The Tapestry

Tapestries, I’ve been thinking, can point us to some significant aspects about setting vision for a church. Perhaps we need to ensure that in every visioning process within a congregation, we have a weaver working alongside us creating a tapestry on a loom as we try to articulate a vision on paper.

First, a tapestry is made up of hundreds and sometimes thousands of threads going back and forth as the warp and woof. For instance, in the side picture of a loom, basic vertical threads, called either the weft or woof, provide a framework whereupon the other threads, which are called the warp, are woven to create pattern and form. The warp threads carry the colour and form the picture or pattern. The warp threads may vary in type and thickness, content and style. Some may be fine and small; others broad, coarse or knotty. Occasionally, a weaver will include other elements in the tapestry, from pieces of cloth or metal to branches, feathers or all manners of unexpected materials.

A single thread a tapestry does not make, and neither does a single sentence or catchphrase ever serve adequately to convey all the rich variety and life of a congregation. People sometimes are prone to ask, “what’s the vision for the congregation?” when more appropriately we should ask, “what are the visions God is giving this people?” In the book of Joel, echoed on the day of Pentecost recorded in Acts 2, the promise of the outpoured Holy Spirit of God was that many dreams would be dreamt and countless visions would be grasped.

When I think of God’s calling upon a congregation, it is never a single-note calling. In truth, there are many common key threads foundational to the calling, not just of St. Andrew’s, but of every church. Scripture sounds out the most essential of them. We are called to praise the Lord. We are called to love the Lord with all our heart, mind, soul and strength, and to love others as ourselves. We are called to work out our salvation in fear and trembling, and to be a people constantly drawing our strength and vibrancy from Christ, the Vine, into whom we are grafted, and by whose power and grace, we then bear fruit for the Kingdom. We are called to trust in his Word and rely on his Spirit. We are called to announce, proclaim, celebrate and invite all into the Kingdom life found in Jesus. We are called to live out within our fellowship all of the “one another” commands found in the New Testament (e.g., encourage, pray for, counsel, guide, strengthen, comfort, forgive, rebuke, teach, bear burdens and love). We are called to do justice, love mercy and walk humbly with our God. We are called to pray without ceasing. We are called to be a people of Good News, a people of grace, and a people of blessing. Many more affirmations of scripture could be added as the foundation threads of the tapestry essential for the identity and witness of every fellowship that seeks to honor and glorify Jesus Christ.

When we look at the call and character of a congregation, though, and as important as those foundation threads—the woof—are, what makes each body of faith so remarkable and holy, is multi-faceted, unique colourings, hues and textures that the Spirit weaves as the warp of our story and life together as the people of God.

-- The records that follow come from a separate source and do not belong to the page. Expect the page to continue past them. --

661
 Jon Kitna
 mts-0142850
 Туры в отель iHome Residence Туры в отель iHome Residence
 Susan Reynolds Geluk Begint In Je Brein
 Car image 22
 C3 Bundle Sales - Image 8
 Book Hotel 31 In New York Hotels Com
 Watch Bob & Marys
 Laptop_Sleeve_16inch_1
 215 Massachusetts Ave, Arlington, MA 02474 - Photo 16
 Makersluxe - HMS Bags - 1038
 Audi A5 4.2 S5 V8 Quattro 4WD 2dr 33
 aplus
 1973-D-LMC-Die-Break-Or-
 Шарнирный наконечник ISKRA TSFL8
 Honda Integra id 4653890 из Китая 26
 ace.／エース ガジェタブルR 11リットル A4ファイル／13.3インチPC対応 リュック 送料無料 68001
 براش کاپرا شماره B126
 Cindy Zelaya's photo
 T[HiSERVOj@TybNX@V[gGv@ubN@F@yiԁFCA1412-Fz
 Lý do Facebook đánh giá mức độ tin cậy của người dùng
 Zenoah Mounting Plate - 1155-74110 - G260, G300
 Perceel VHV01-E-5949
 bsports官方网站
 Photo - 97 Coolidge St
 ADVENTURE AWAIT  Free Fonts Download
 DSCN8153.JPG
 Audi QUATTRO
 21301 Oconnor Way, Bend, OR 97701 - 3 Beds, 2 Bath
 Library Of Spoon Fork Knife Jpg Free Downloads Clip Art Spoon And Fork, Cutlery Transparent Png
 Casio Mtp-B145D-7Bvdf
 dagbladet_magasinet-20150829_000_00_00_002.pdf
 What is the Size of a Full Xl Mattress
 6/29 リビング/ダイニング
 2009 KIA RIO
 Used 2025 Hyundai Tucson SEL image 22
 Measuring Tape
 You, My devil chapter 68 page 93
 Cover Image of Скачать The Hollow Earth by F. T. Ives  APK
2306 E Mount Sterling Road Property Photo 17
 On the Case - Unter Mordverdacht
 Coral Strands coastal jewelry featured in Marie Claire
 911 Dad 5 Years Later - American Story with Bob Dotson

I invite you to ponder the amazing, beautiful, eccentric, holy tapestry God is weaving, a living tapestry called St. Andrew’s. God takes all the experiences of our past and all our dreams for the future; all of the personalities of the people who have been part of St. Andrew’s together with the extraordinary corporate character and story of this fellowship as a whole; all our Spirit-given giftings and all our human quirkiness; all our special strengths, passions and blessings we have from our heritage of faith and unique placement within this community together with all the Spirit-whispered summons to behold around us the fields white for harvest and souls longing for hope and grace. God takes all of these elements and more, and is lovingly weaving them together upon the universal command to his people to fashion St. Andrew’s as an absolutely precious, matchless masterpiece. What do you perceive as the picture being revealed in us?

Please note my phrasing. It is present tense. Our tapestry is not complete; rather God is still at work weaving his purpose and call in the midst of this present time. As we seek to discern vision (a multi-faceted vision!), we ought to remember that God hasn’t finished with us yet. Hallelujah! The Lord has great things he wants to do for us and through us, and our task is to humbly, expectantly and prayerfully invite God to have his way with us. Come, Holy Spirit, and weave your story and your glory in us! Come, Holy Spirit, and weave us into your glory and the story of your grace! Amen.